Выбрать главу

Те, кто переходил из школы в школу, должны знать, как тяжело и мучительно дается ребячьей душе привыкание к новым учителям, новым товарищам, настроенным к тому же пристрастно и недоверчиво, даже к пахнущим по-иному коридорам, классам и раздевалкам. Замораживает лютая скованность. Никогда, кажется, не стряхнуть ее.

Посыпались на нас колы и двойки. Заколодило у Максимыча по математике. Как ни бьется, ни потеет, ни одной задачки покорить не может. Устроимся вечером рядышком, раз десять обскажу со всех сторон решение.

— Понял?

Посмотрит на меня блестящими карими глазами, заволоченными сонной пеленой непонимания, и мотнет головой:

— Нет.

Вскоре он не выдержал — ушел из школы. Поработал для навара на разборке гнилой картошки в овощехранилище, а на следующий год неожиданно поступил в горно-металлургический техникум.

— Удивительно! — радовался он, и в его блестящих глазах уже не было сонной пелены. — Как орехи щелкаю задачки. Все схватываю догадкой. Что тогда со мной происходило — в толк не возьму.

Наведываясь на отцовщину из сибирских краев, где мотался по громким стройкам, медвежьим углам и писал в газеты, я непременно заворачивал к другу.

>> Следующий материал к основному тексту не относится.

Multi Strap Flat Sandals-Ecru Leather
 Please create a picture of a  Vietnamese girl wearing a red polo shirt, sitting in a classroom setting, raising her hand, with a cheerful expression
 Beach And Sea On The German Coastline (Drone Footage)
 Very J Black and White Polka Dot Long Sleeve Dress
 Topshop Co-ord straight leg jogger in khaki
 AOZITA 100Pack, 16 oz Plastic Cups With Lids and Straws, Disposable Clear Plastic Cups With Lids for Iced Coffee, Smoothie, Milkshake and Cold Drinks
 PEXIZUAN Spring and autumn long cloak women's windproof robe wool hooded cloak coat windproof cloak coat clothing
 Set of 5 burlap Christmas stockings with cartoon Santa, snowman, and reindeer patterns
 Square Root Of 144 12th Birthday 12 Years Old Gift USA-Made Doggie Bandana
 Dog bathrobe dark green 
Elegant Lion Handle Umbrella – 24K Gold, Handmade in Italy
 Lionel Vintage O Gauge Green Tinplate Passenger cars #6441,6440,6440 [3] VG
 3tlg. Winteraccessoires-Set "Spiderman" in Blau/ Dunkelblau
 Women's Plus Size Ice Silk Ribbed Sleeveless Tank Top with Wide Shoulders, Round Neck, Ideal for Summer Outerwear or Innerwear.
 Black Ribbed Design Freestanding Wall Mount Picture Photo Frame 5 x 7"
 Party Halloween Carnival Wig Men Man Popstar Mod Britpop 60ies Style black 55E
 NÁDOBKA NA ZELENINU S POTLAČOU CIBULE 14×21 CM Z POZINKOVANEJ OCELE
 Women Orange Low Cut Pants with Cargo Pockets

Сначала ходил в сбитую из досок земляную насыпуху, сгоношенную на моих глазах в лютые военные дни его отцом и матерью на необжитом берегу реки Тагил, потом — в ветхую захилившуюся хибару, окошки которой вырастали прямо из земли. Чтобы не разбить лба о притолоку при входе в жилище, надо было низко наклонить голову, а долговязому согнуть еще и ноги в коленях. Но вот уже лет двадцать он живет в светлой, высоко вознесенной над землей квартире, угнездившейся в двух шагах и от драмтеатра, и от кинотеатра, и от многокнижной публичной библиотеки, и от освежающе-раздольного Тагильского пруда, дальние берега которого все еще летом заманчиво зелены, а осенью пестры и огнисты нетронутыми лесами.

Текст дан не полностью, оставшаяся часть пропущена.